Some may consider Todd's search for and eventual discovery of this unsatisfied customer as occurring by sheer chance. However, looking closely at the steps he took, Todd’s search was more characteristic of a systematic search. This strategy finds the searcher systematically surveying a defined set of possible leads and looking for those with the desired characteristics. Todd's defined set was successful business people and their desired characteristic was to have an unmet demand. As stated earlier, by intentionally becoming a part of the Entrepreneur Program, he was introduced to business owners on a weekly basis. Further, he made it a point to listen as successful business people talk, whether it be in the classroom or in the general public. His hope, of course, was to identify a business need.

There are also psychological reasons inherent in Todd's personality and stemming from his background that allowed him to be successful in business. One of the most fundamental was his strong desire to prove that he could be a successful business owner which, possibly subconsciously, grew from his father's business failures. This need to prove himself pushed him even more than simply wanting to be an entrepreneur. This drive or persistence was reflected in Todd's 16 to 18 hour work days during the business' early years. He said that he would work as hard as was necessary to guard against the other option, failure. "If I did not give 100% and I failed, I could not live with that feeling." Thus, unlike his father, he would be happier knowing that he took on all the business risk before letting his business fail.
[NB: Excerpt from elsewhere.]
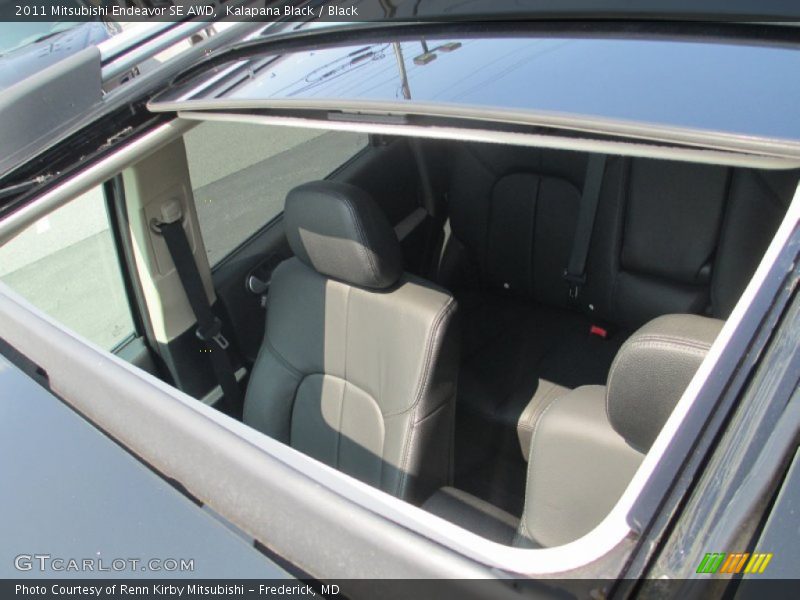 Kalapana Black / Black 2011 Mitsubishi Endeavor SE AWD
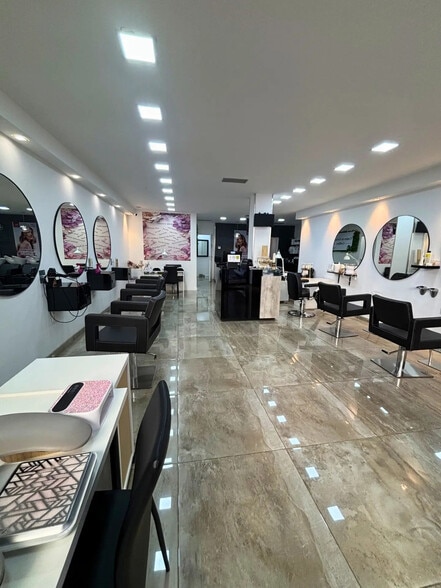 Local commercial dans Marseille à louer - Photo de l’immeuble – Image 2 sur 6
Another psychological reason for Todd's success, which was also influenced by his father's activities, was the aspiring entrepreneur's open-mind to a wide variety of industries in which he could start a business. Todd clearly understood that success and profitability could be found in Lo-Tech industries. In fact, Todd eventually thought of it as an advantage to be a bachelor's degree holder starting a business in an industry with "no college graduates."

Moreover, after interacting with Todd during our interview, it is clear that his sense of humor and seeming fondness for life must have assisted him during the down times of his business start-up. In general, when situations did not turn out according to plan, he had an ability to recognize his mistakes, laugh at them and move on with new insight. These characteristics surely allowed him to remain sane in many situations.

Finally, one must realize that Todd could not have been successful at getting into business if he existed in isolation. His mere drive to prove his ability to be a successful entrepreneur stems from his interactions with his father during his early years. Further, his successful identification of IAA as a customer and Absolute Towing as his business concept is obviously a result of his interaction with the Entrepreneur Program at USC. If Todd had not become a student in the program or if Mr. Scott had not spoken to the program at that particular point in 1986, it is likely that Todd would not be President of Absolute Towing and Transporting.

An additional social factor was Todd's interaction with the association of towers during the development of his business plan. By discovering their lack of professionalism and business know-how, Todd not only gained confidence in his ability to be successful, but also identified how he could differentiate his towing operation. The professionalism he brought to the towing segment of the industry continues to allow Absolute to differentiate itself from its competition. The point is that if he had not met these individuals at the early stage of business development, he may not have known to incorporate the aforementioned points of differentiation which allowed him to gain the customer’s trust.

In summary, Todd Q. Smart was successful at getting into business because he identified his goal early, surrounded himself with individuals who could assist him and continued to smile while he worked tenaciously to grow his business into a success. Now he reaps the rewards of his risk-taking endeavors and wonders why he ever considered failure an option.